Rocky & Apple, longtime friends based in Hillsborough, Ca, are in town as they always are for the Christmas holidays. Busy with their respective families' affairs, we had our usual Christmas dinner together a bit late this year, last night, Friday the 28th December 2012. Catha chose Impressions as the venue since Rocky & Apple hadn't tried it out yet, and because she wanted to try out Cyrille's pithiviers of wild French pigeon since I told her so much about it. It took only a text message or two with Cyrille, and we were all set.
Our 1st course was Cyrille's signature Terrine of Duck Foie Gras & Unagi, Cubes of Aspic Lemon Confit and Red Cabbage Foam in Teriyaki Jam which we enjoyed with a bottle of 2005 Champagne Mailly Grand Cru "L'Air" - a gift from Juan Carlos & Mari de Terry (muchisimas gracias, JC y Mari). This is the first time I've had anything from this producer - a cooperative of grand cru vineyard growers established at the end of the 1920s.

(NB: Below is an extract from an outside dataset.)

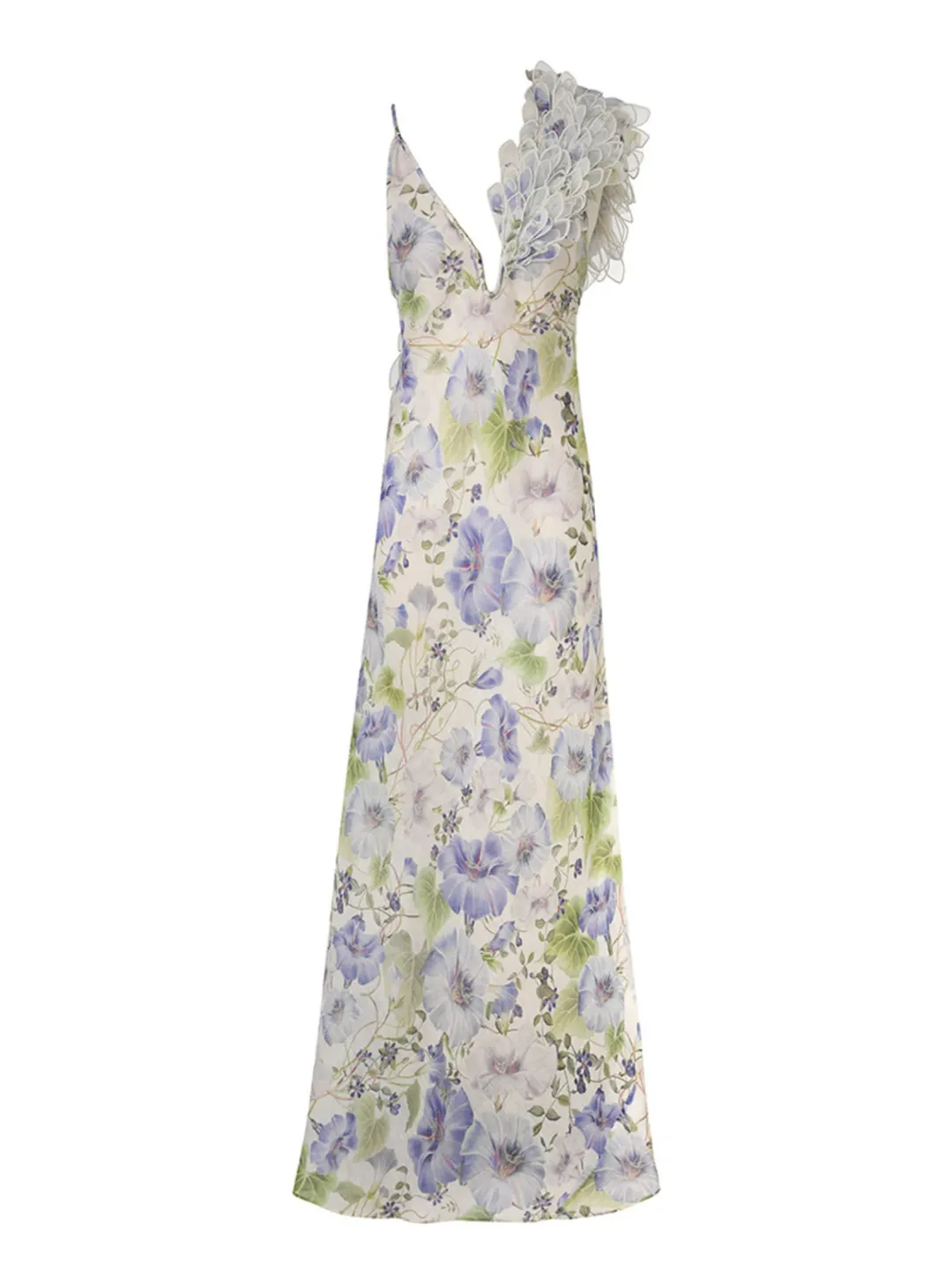 Zimmermann Natura Feather Slip Gown In Blue Floral Size 0 / AU 8 for rent on The Volte - main image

It's fruit (green apple, touches of pear and lemon, bit of underlying ripe grapefruit towards the back and in the finish) is markedly lively, fresh, and pure. The grapefruit emerges past mid-palate and extends through the finish. Its middle shows a vaguely milky pinot noir underbelly. Still very young, but already very enjoyable. Dry and lively, with brisk acidity, it did very well with...

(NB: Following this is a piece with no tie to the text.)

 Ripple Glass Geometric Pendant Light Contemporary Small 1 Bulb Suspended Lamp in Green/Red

...our excellent 2nd course of Tartine Iodée of Sea Urchin, Scallops and Oysters, Assorted Cress, Sea Urchin Parfait in Cucumber Confit. This, like the 1st course, is on the regular menu. Anyone who likes fresh seafood should try this out with a good, dry champagne. Lovely.
|So good it deserves another close up shot.|
The 3rd course is not on the regular menu, but something Cyrille devised earlier that evening and whipped up for us - Seared Scallops with Black Truffle Spears & Chestnut Mousse. As can be seen, the scallops were perfectly seared, with the black truffle spears adding a discreet earthiness and a bit of textural contrast.

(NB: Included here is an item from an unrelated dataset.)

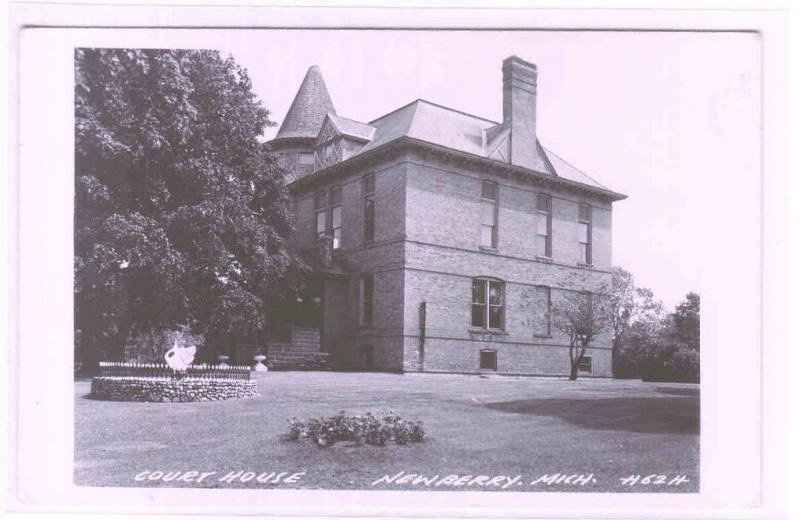 Court House Newberry Michigan 1950c RPPC Real Photo postcard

With this I paired a bottle of 2001 Louis Jadot Puligny Montrachet 1er Cru Les Combettes - A richer, riper type of Puligny Montrachet, it shows a Meursault-reminiscent nuttiness/beurre noisette to its rigid-backboned, somewhat forward, lightly spiced, ample ripe fruit. Acidity is moderate, sufficient (but not bright enough, to my mind had I paired it with the 1st course or with fresh oysters). The oak is moderate and well-integrated. Quite nice, actually - certainly one of the better 1er cru Puligny Montrachets locally available. Got this at Bacchus Int'l. I shall get more.
Our 4th (and main) course was of fowl - Cyrille's Pithiviers of French Wild Pigeon & Duck Foie Gras with Asparagus Spears, French Morels, Chanterelles, & Truffle Jus. Absolutely wonderful - a showcase of comfort, earthiness, heartiness and commitment to high-quality ingredients. Sublime.
With this earthy masterpiece, I paired a 1981 Vieux Château Certan - Notable depth and somber power in its dark, properly ripe/concentrated midnight plum, dark raspberry and black cherry, bit of smokiness, discreet underlying loam, worn leather, warm asphalt, moist pipe tobacco, cedar, and violets. Dry. Good structure. Quietly full-bodied. Decent length. Quite nice, in good condition at 31 years from vintage, and, I'd guess at its peak. I'll get more of this for short-term consumption/enjoyment.
|Catha, Apple, Cyrille, & Rocky.|
|One of two platters of Samplers of Impressions' Signature Desserts.|
We chatted until around 10:30pm, and, for Rocky's single malt fix (he's really into single malts these days), proceeded to Bar M, which, unfortunately, was closed. We then moved on to The Blind Pig for nightcaps (where Rocky did get some single malt), calling it a night by around 2:30am. Wonderful evening with longtime friends, excellent food, and fine wine. Until the next!